Monti si schiera poi dalla parte dei comuni “virtuosi” che chiedono un allentamento delle maglio del Patto di stabilità. «Si potrebbe riflettere – ha detto a Verona – su una modifica del patto di stabilità che consenta ai comuni di rientrare dal debito», ha detto. Tecnicamente questo potrebbe essere possibile «consentendo, a seconda dell’indebitamento, di investire parte dell’avanzo, con una somma progressiva e inversamente proporzionale all’indebitamento dell’ente stesso». Per Monti simili proposte corrispondono «all’etica della responsabilità, al federalismo solidale».

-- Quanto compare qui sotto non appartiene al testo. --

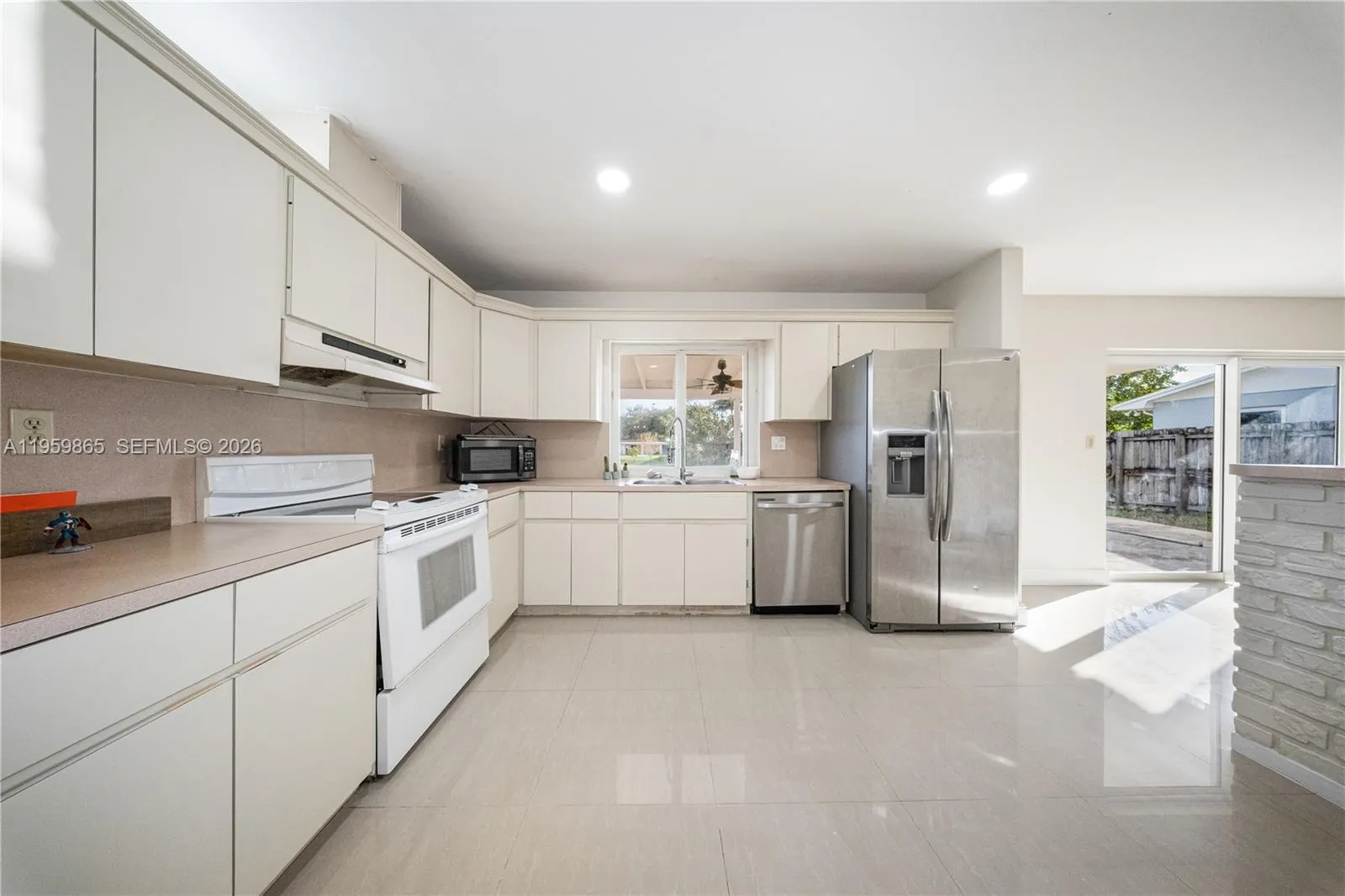 14530 Sw 77th St, Miami, Florida 33183, Miami, Florida 33183, 4 Bedrooms Bedrooms, ,2 BathroomsBathrooms,Residential,For Sale,14530 Sw 77th St, Miami, Florida 33183,A11959865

Non sono, ha aggiunto, con una frecciata alla Lega, quel «federalismo straccione che fa gravare sull’Italia 4 miliardi e mezzo per le multe sulle quote latte». Qui si tratta, ha aggiunto, di «rispetto del principio di sussidiarietà e dell’autonomia degli enti locali». La situazione dell’Italia nel momento in cui si è insediato il governo tecnico «non consentivano mosse in questo senso – ha detto Monti – ma si può cominciare a farlo ora, che l’Italia è considerata nuovamente seria e credibile».